Once the Silo runs, view these entries in a web browser at http://localhost:8500/v1/kv/?keys&pretty. The output looks similar to this:

[
    "orleans/default/192.168.1.11:11111@43165319",
    "orleans/default/192.168.1.11:11111@43165319/iamalive",
    "orleans/default/version"
]

All keys are prefixed with orleans. This prefix is hardcoded in the provider and intended to avoid keyspace collisions with other Consul users. Retrieve additional information for each key by appending its name (without quotes) to the Consul KV root at http://localhost:8500/v1/kv/. Doing so presents the following JSON:

[
    {
        "LockIndex": 0,
        "Key": "orleans/default/192.168.1.11:11111@43165319",
        "Flags": 0,
        "Value": "[BASE64 UTF8 Encoded String]",
        "CreateIndex": 321,
        "ModifyIndex": 322
    }
]

Decoding the Base64 UTF-8 encoded string Value provides the actual Orleans membership data:

http://localhost:8500/v1/KV/orleans/default/[SiloAddress]

{
    "Hostname": "[YOUR_MACHINE_NAME]",
    "ProxyPort": 30000,
    "StartTime": "2023-05-15T14:22:00.004977Z",
    "Status": 3,
    "SiloName": "Silo_fcad0",
    "SuspectingSilos": []
}

http://localhost:8500/v1/KV/orleans/default/[SiloAddress]/IAmAlive

"2023-05-15T14:27:01.1832828Z"

When clients connect, they read the KVs for all silos in the cluster in one HTTP GET request using the URI http://localhost:8500/v1/KV/orleans/default/?recurse.

Limitations

Be aware of a few limitations when using Consul as a membership provider.

Orleans extended membership protocol (table version and ETag)

Consul KV currently doesn't support atomic updates. Therefore, the Orleans Consul Membership Provider only implements the Orleans basic membership protocol, as described in Cluster management in Orleans. It doesn't support the Extended Membership Protocol. This Extended protocol was introduced as an extra, though not essential, silo connectivity validation and as a foundation for functionality not yet implemented.

Multiple datacenters

Key-value pairs in Consul aren't currently replicated between Consul data centers.
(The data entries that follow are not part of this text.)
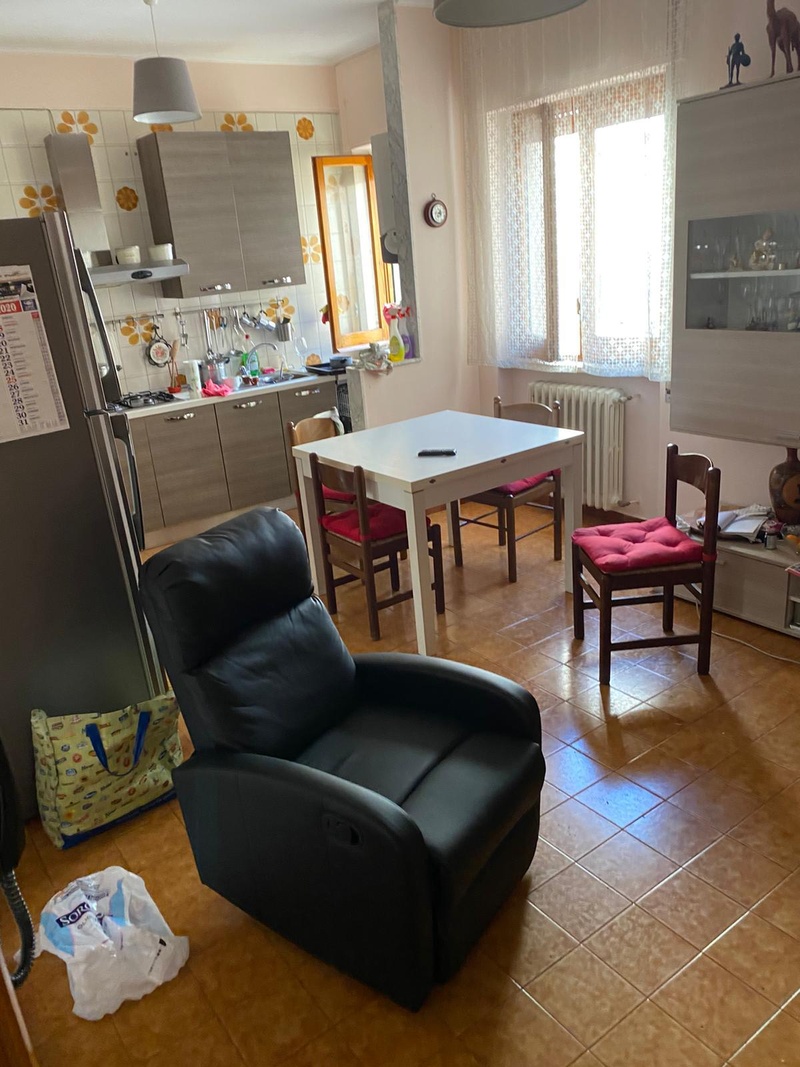Afbeeldingslocatie: https://tweakers.net/i/KtQbR7xq70Td0BDf6vRIu3fmXGQ=/800x/filters:strip_icc():strip_exif()/f/image/keIYjjtmQ7Gq2xTdUTMqFsQt.jpg?f=fotoalbum_large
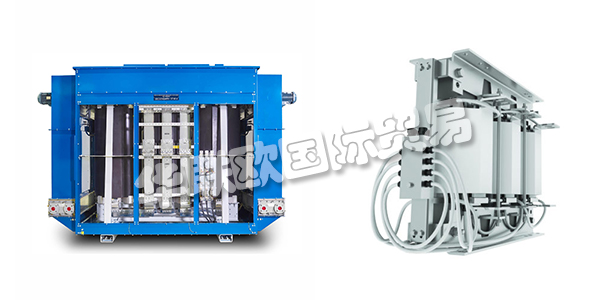 芬蘭TRAFOTEK公司主要供應(yīng)：芬蘭TRAFOTEK變壓器,TRAFOTEK濾波器，電抗器，干式變壓器，充電變壓器，配電變壓器，隔離變壓器，勵磁變壓器，控制變壓器等產(chǎn)品。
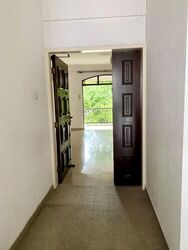 Tanglin Park (D10), Condominium #602101411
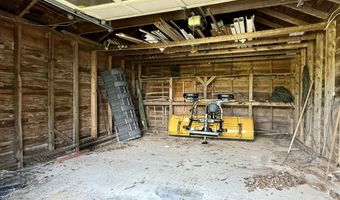 877 Grand Falls Rd, Baileyville, ME 04694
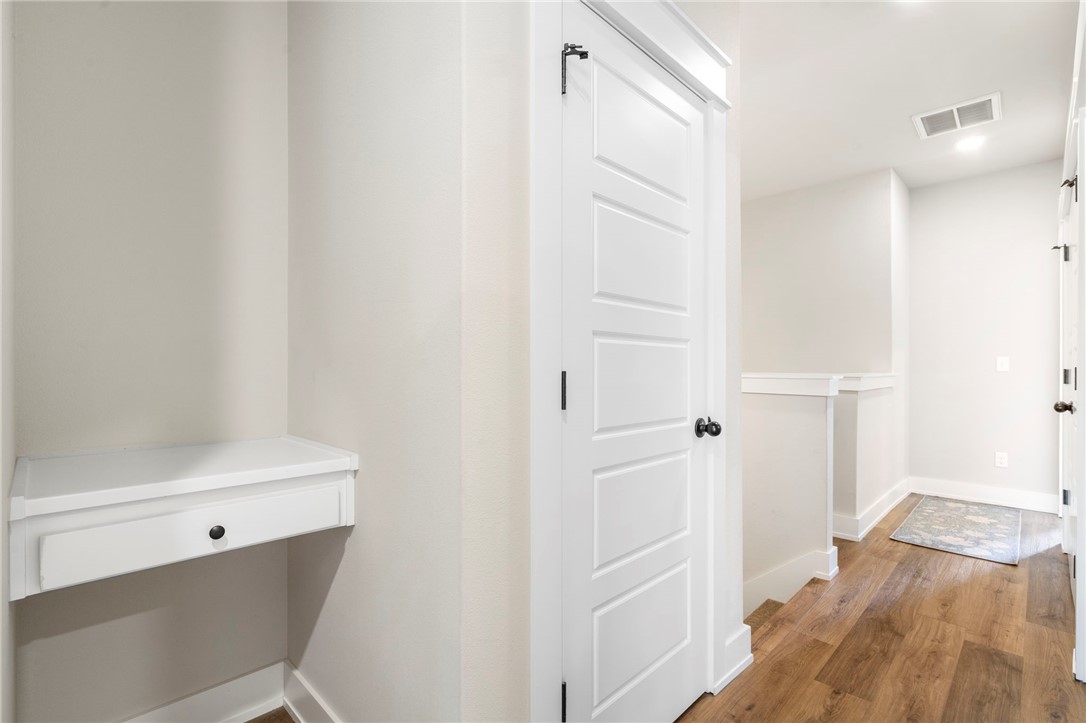 Timber Ridge Estates - Residential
A separate project exists to address this replication effort, but it hasn't yet been proven to support Orleans.

When running on Windows

When Consul starts on Windows, it logs the following message:

==> WARNING: Windows is not recommended as a Consul server. Do not use in production.

This warning message appears due to a lack of focus on testing when running in a Windows environment, not because of any actual known issues. Read the discussion before deciding if Consul is the right choice.

Potential future enhancements

  1. Prove the Consul KV replication project can support an Orleans cluster in a WAN environment between multiple Consul data centers.
  2. Implement the Reminder Table in Consul.
  3. Implement the Extended Membership Protocol. The team behind Consul plans to implement atomic operations. Once this functionality is available, removing the limitations in the provider might be possible.